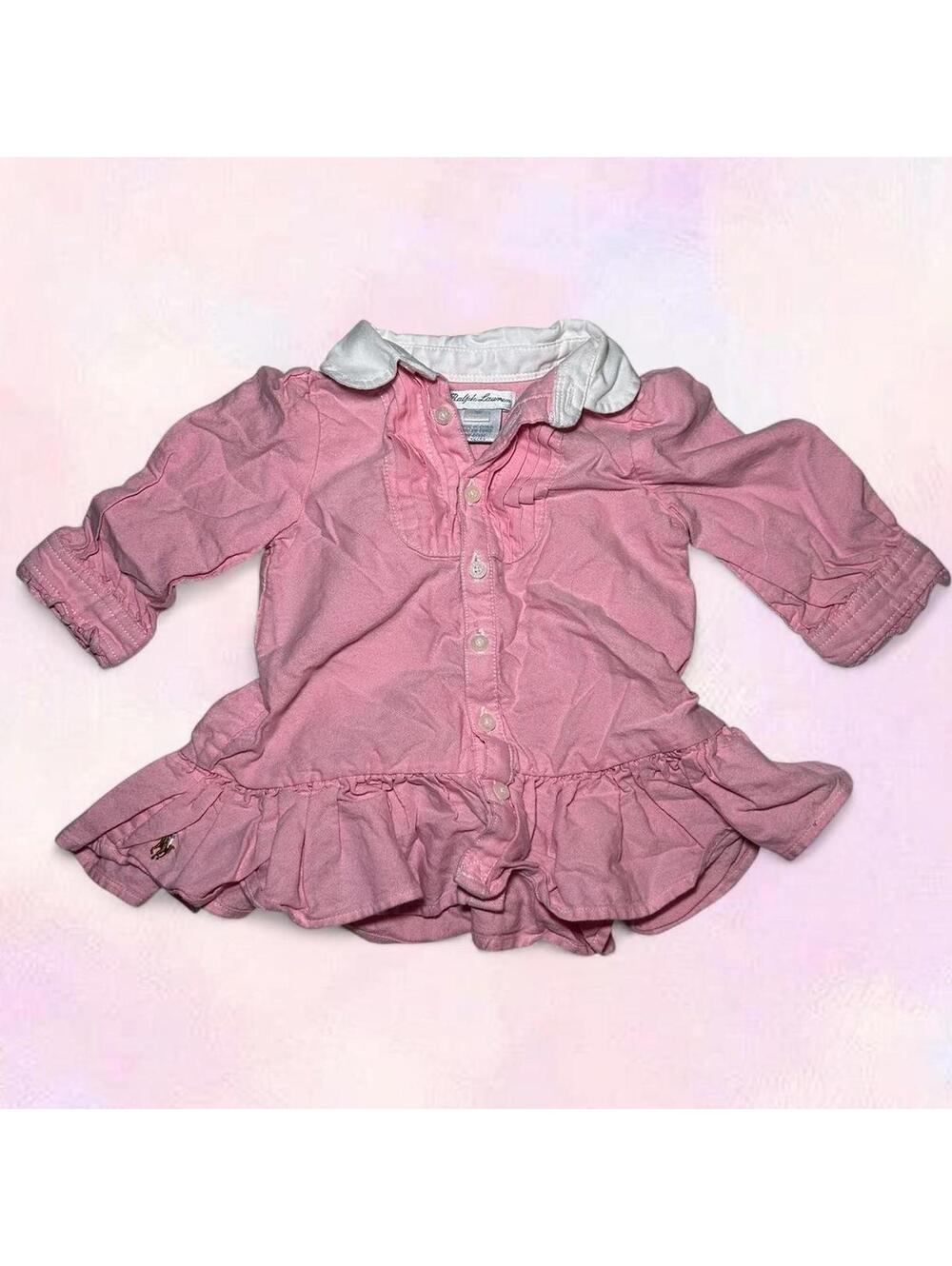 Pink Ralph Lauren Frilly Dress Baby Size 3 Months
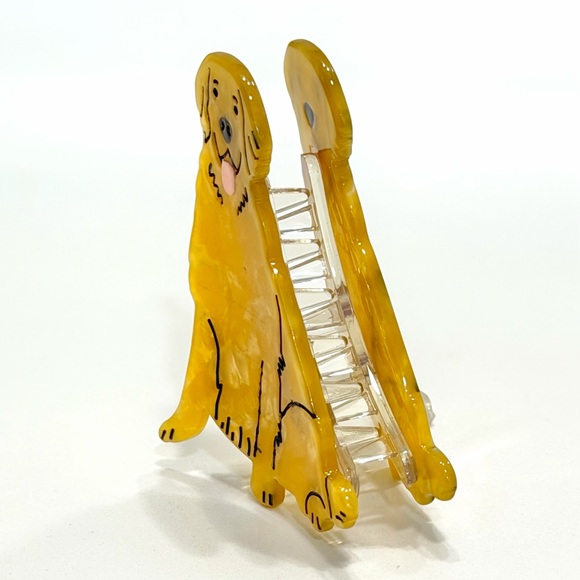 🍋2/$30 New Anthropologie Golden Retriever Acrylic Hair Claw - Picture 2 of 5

────────────────────────────────────────

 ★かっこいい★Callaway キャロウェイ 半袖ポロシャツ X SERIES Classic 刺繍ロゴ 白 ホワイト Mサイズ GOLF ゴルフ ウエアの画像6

────────────────────────────────────────

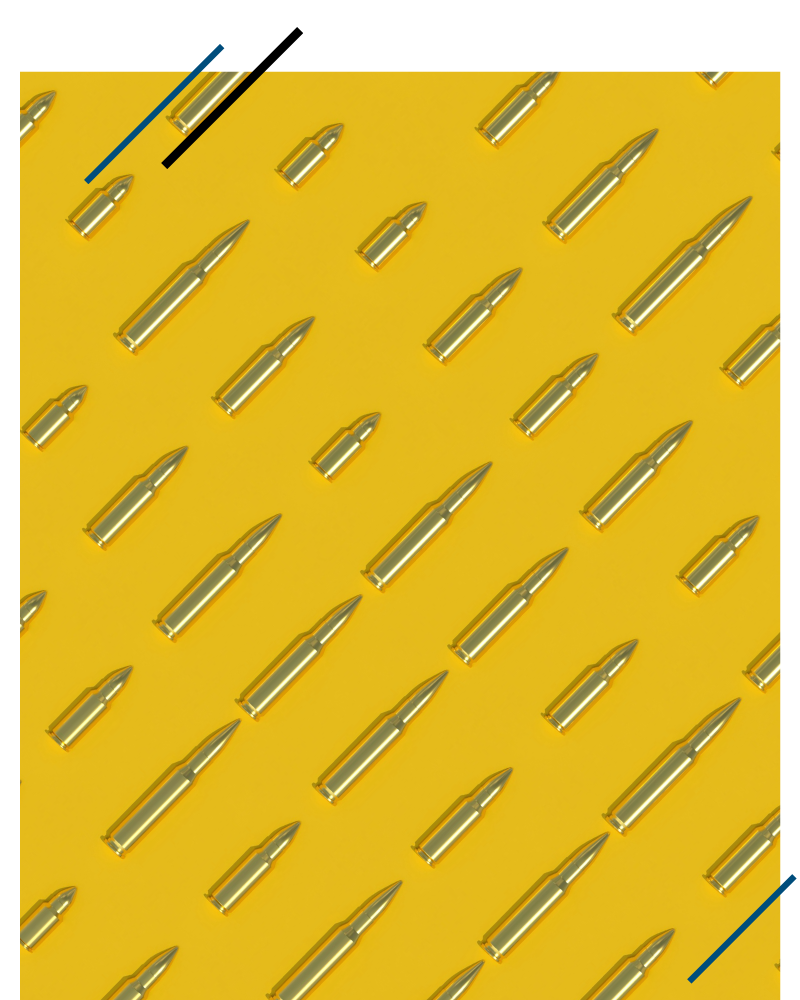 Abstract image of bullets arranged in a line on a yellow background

────────────────────────────────────────

## ABOUT THIS TASK
Look above for the line with "Pink Ralph Lauren" and the line with "Picture 2 of 5". Copy them and every line between, exactly, but no pictures.

## TASK SOLUTION
 Pink Ralph Lauren Frilly Dress Baby Size 3 Months
 🍋2/$30 New Anthropologie Golden Retriever Acrylic Hair Claw - Picture 2 of 5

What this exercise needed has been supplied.